Description of the task: Only the lines from the opening of the material through the line bearing "忻州最新吃瓜事件视频 第2张 忻州最新吃瓜事件视频 第2张" should be reproduced, exactly and without pictures.

Data excerpts:
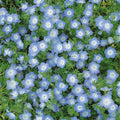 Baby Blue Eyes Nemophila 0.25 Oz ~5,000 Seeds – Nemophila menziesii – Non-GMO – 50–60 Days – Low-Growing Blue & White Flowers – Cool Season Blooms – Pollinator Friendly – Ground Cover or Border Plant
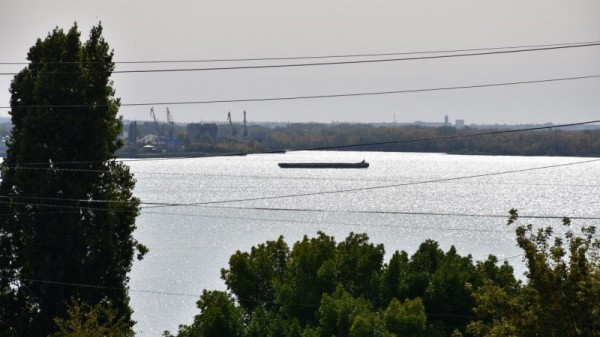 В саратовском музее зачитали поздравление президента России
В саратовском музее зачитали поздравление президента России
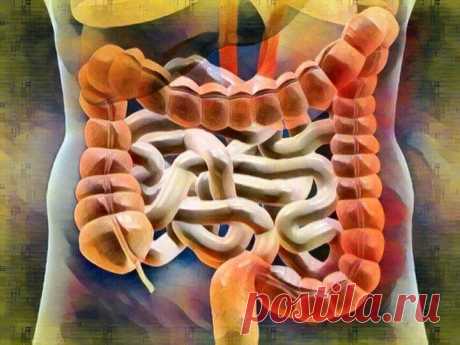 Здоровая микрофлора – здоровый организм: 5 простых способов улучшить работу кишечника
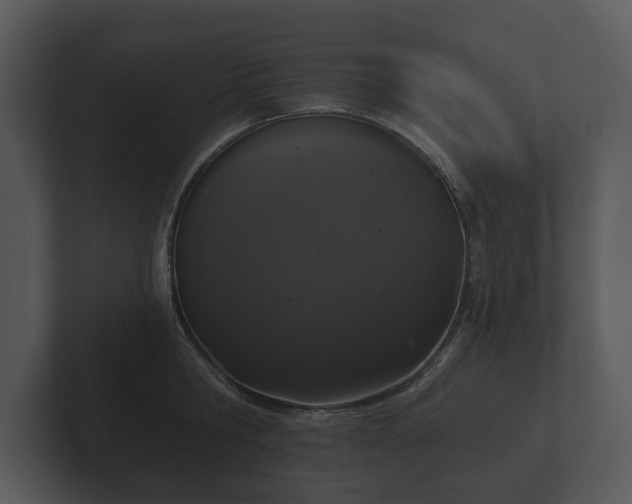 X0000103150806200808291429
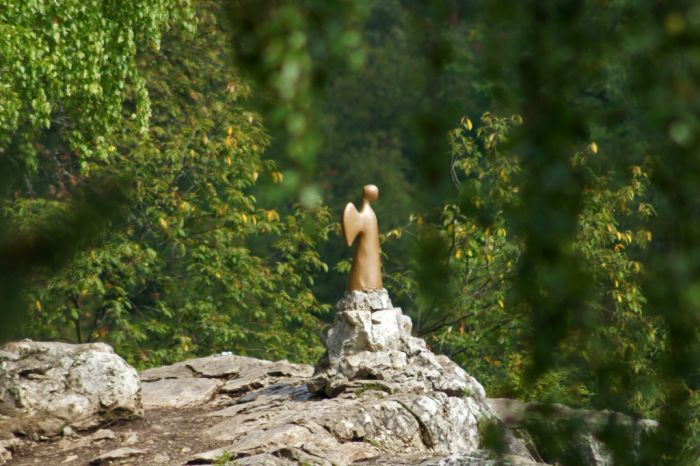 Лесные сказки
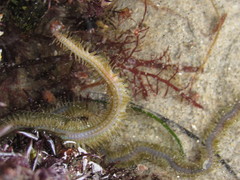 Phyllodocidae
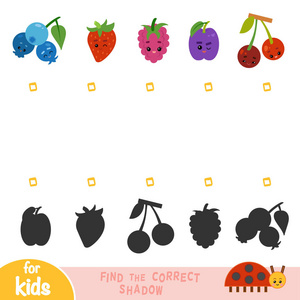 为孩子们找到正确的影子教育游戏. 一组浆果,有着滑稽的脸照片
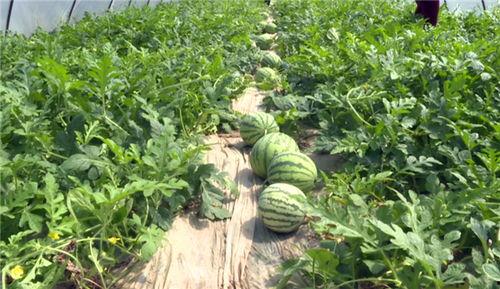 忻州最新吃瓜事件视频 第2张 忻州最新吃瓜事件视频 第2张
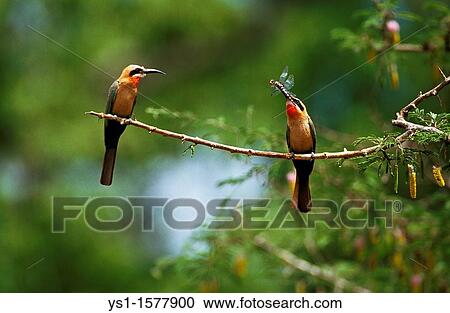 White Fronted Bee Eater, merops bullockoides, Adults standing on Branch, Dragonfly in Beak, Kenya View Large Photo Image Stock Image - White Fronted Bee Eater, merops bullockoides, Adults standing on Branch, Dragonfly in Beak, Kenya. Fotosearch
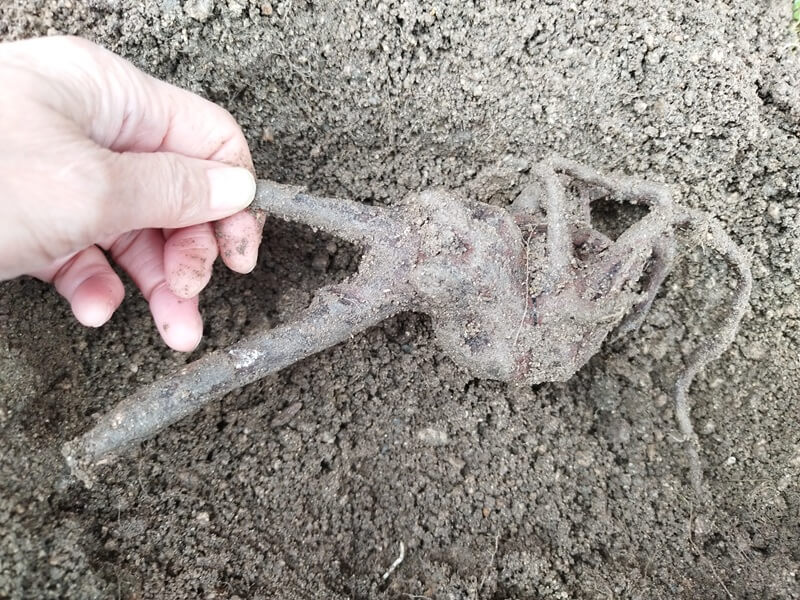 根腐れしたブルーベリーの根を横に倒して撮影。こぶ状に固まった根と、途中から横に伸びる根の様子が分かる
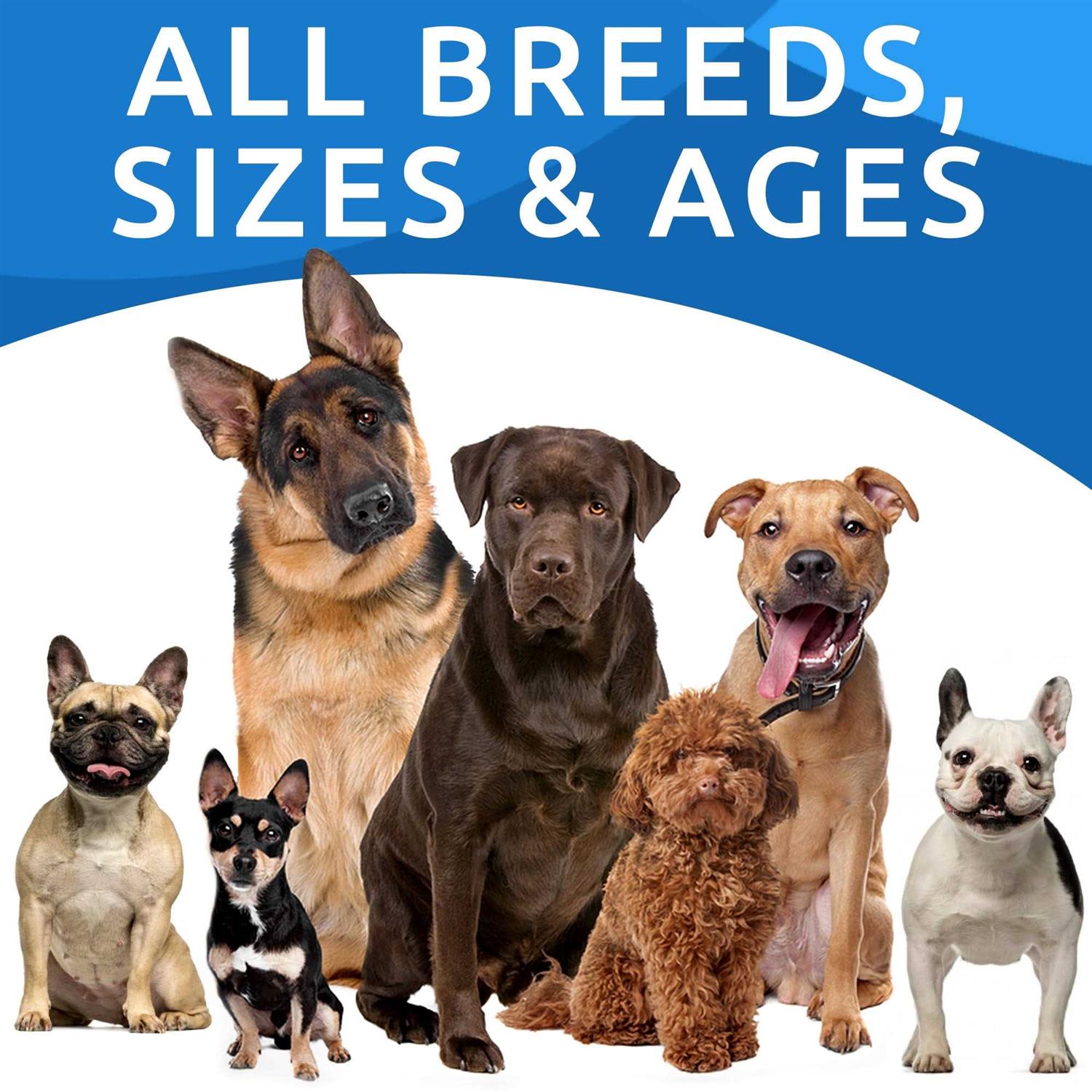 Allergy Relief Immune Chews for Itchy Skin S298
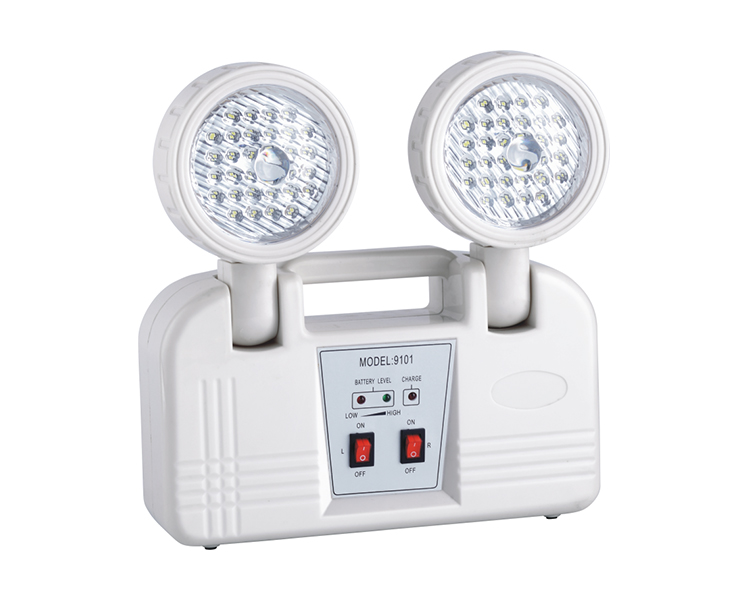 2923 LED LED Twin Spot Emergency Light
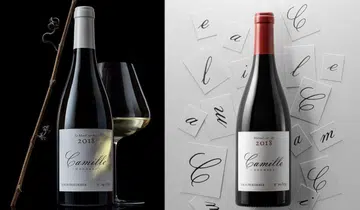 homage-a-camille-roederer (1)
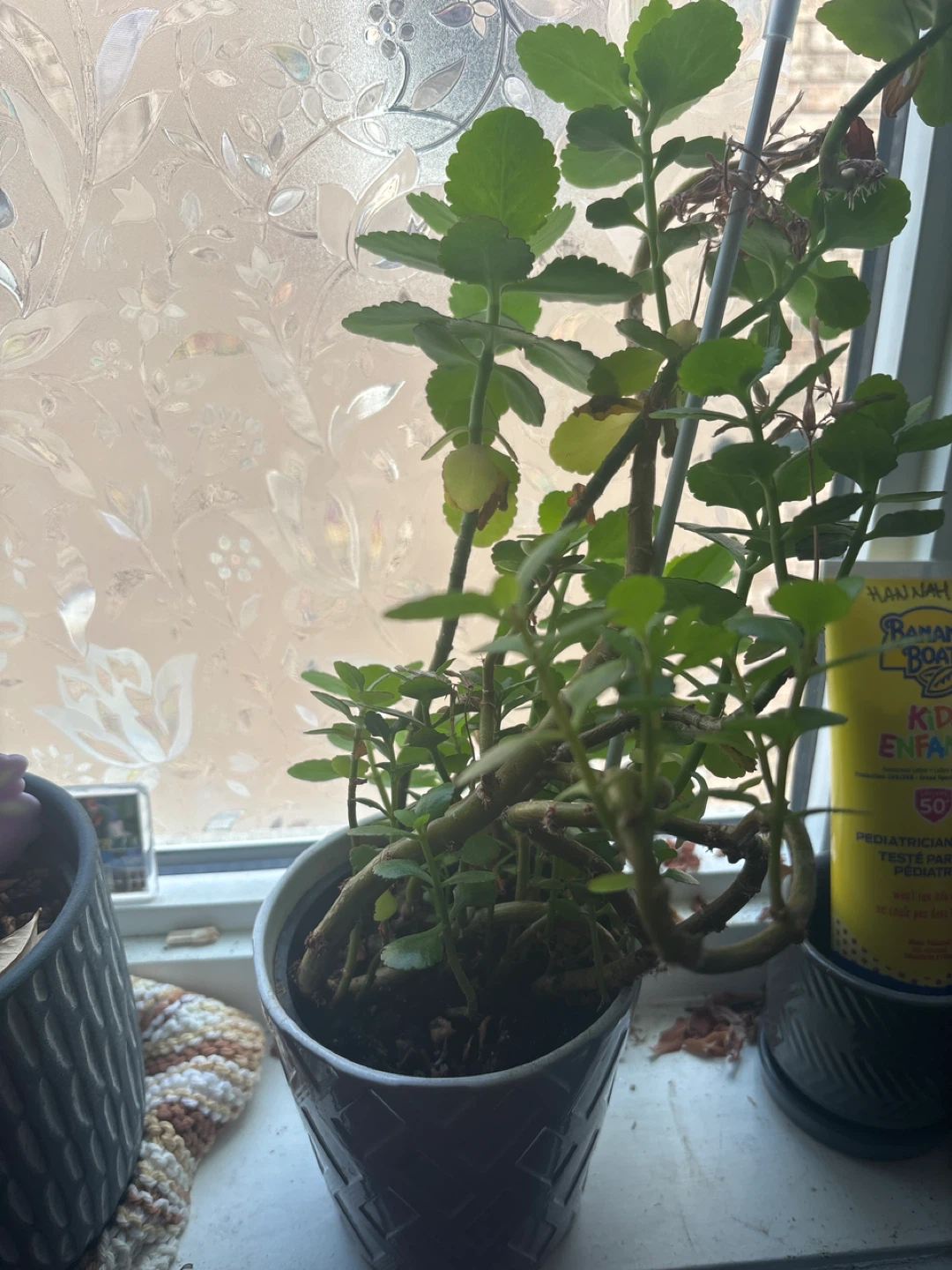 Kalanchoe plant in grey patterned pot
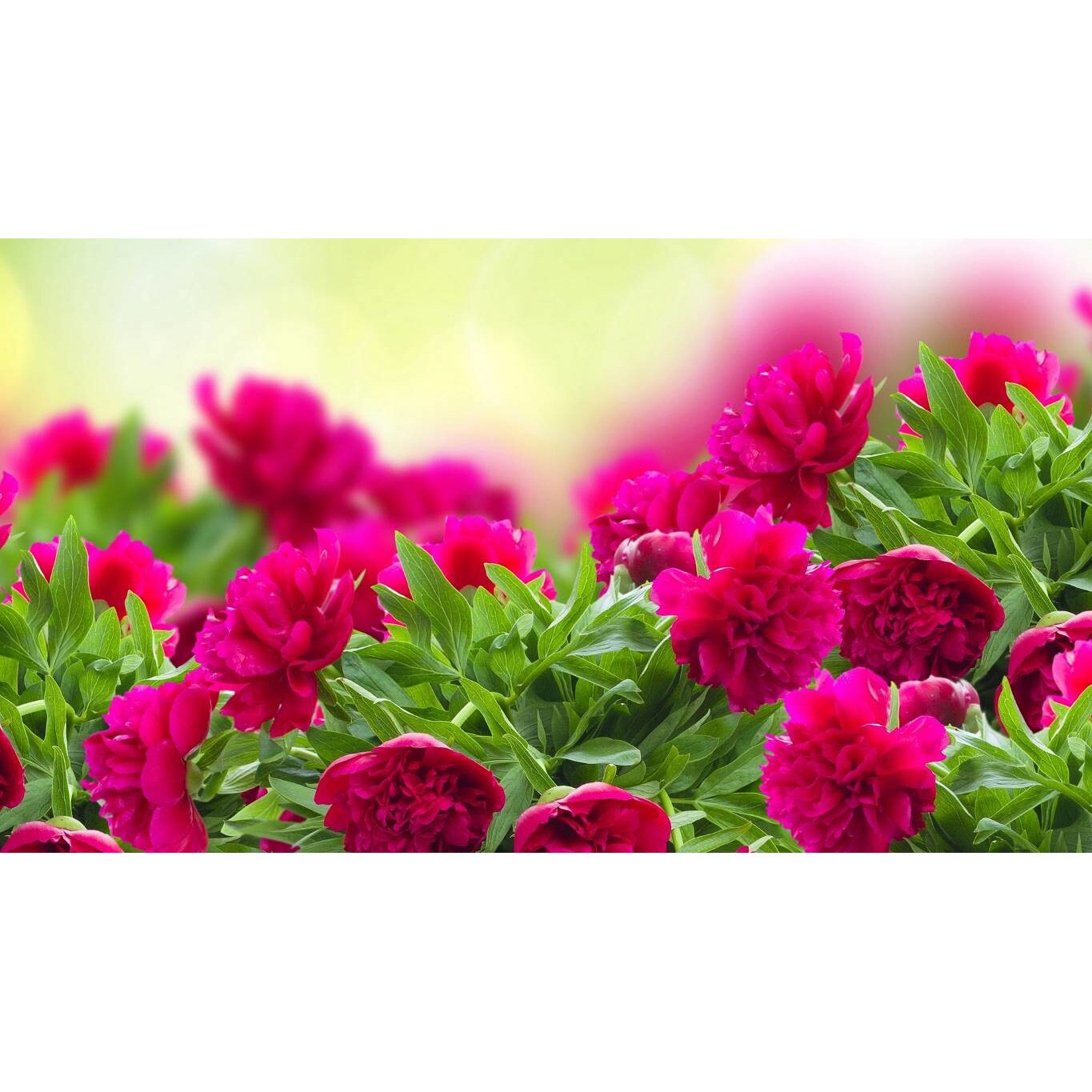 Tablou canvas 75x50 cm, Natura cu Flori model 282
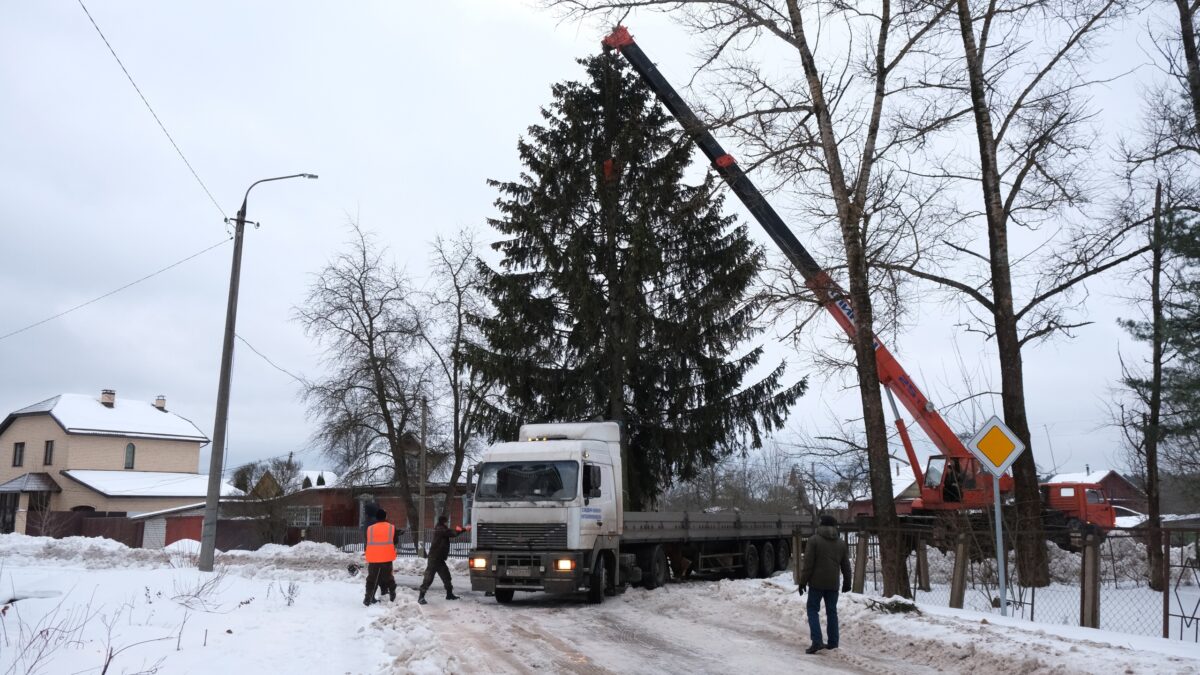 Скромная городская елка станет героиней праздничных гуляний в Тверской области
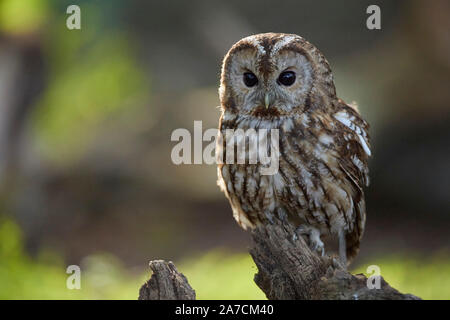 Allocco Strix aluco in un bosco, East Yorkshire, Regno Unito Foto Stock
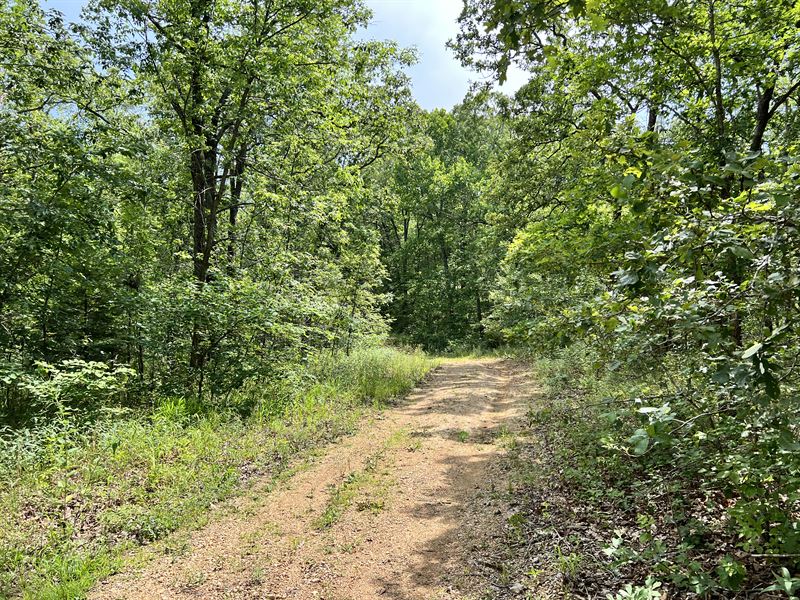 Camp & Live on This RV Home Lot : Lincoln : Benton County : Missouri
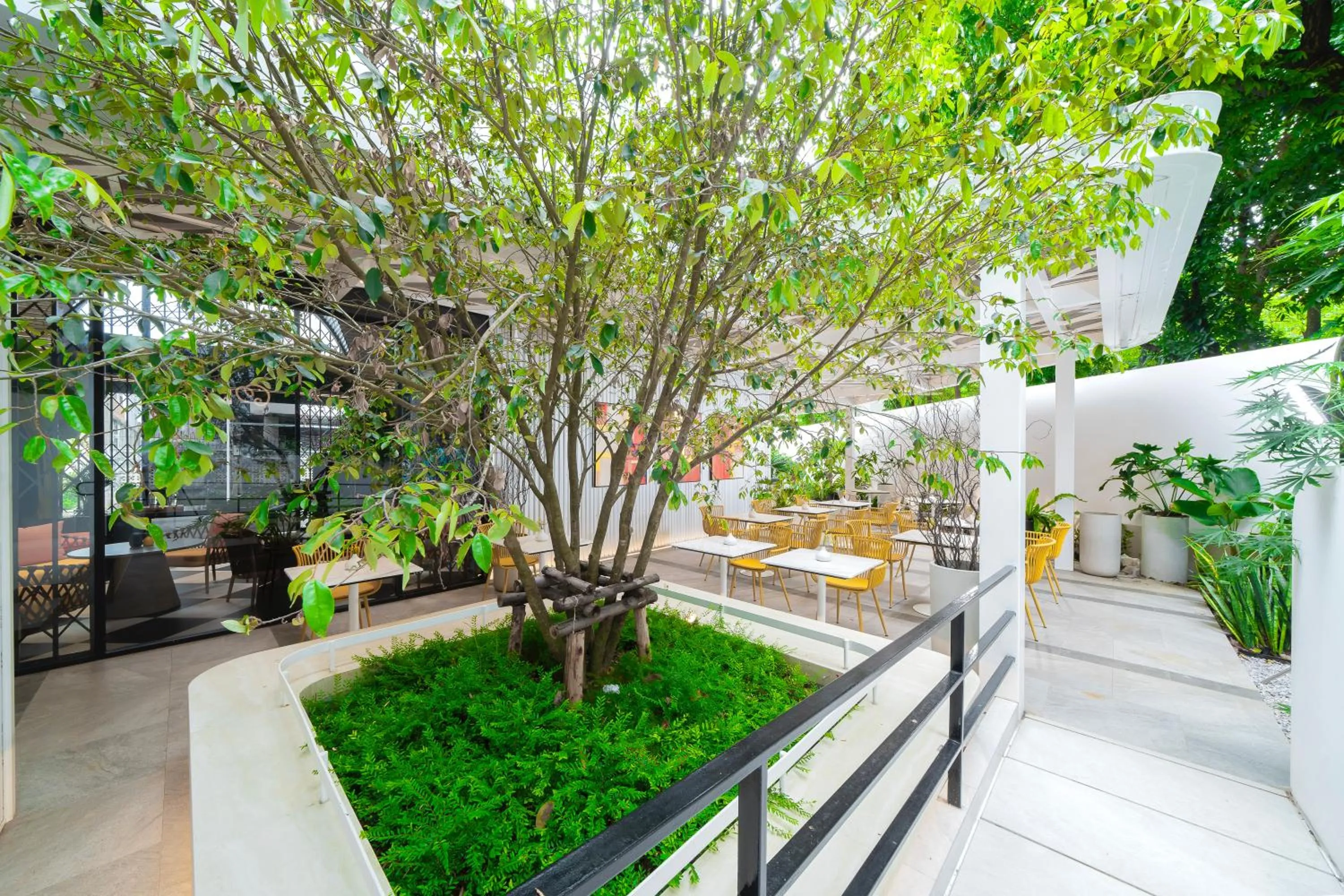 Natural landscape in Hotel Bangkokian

Exercise response:
 Baby Blue Eyes Nemophila 0.25 Oz ~5,000 Seeds – Nemophila menziesii – Non-GMO – 50–60 Days – Low-Growing Blue & White Flowers – Cool Season Blooms – Pollinator Friendly – Ground Cover or Border Plant
 В саратовском музее зачитали поздравление президента России
В саратовском музее зачитали поздравление президента России
 Здоровая микрофлора – здоровый организм: 5 простых способов улучшить работу кишечника
 X0000103150806200808291429
 Лесные сказки
 Phyllodocidae
 为孩子们找到正确的影子教育游戏. 一组浆果,有着滑稽的脸照片
 忻州最新吃瓜事件视频 第2张 忻州最新吃瓜事件视频 第2张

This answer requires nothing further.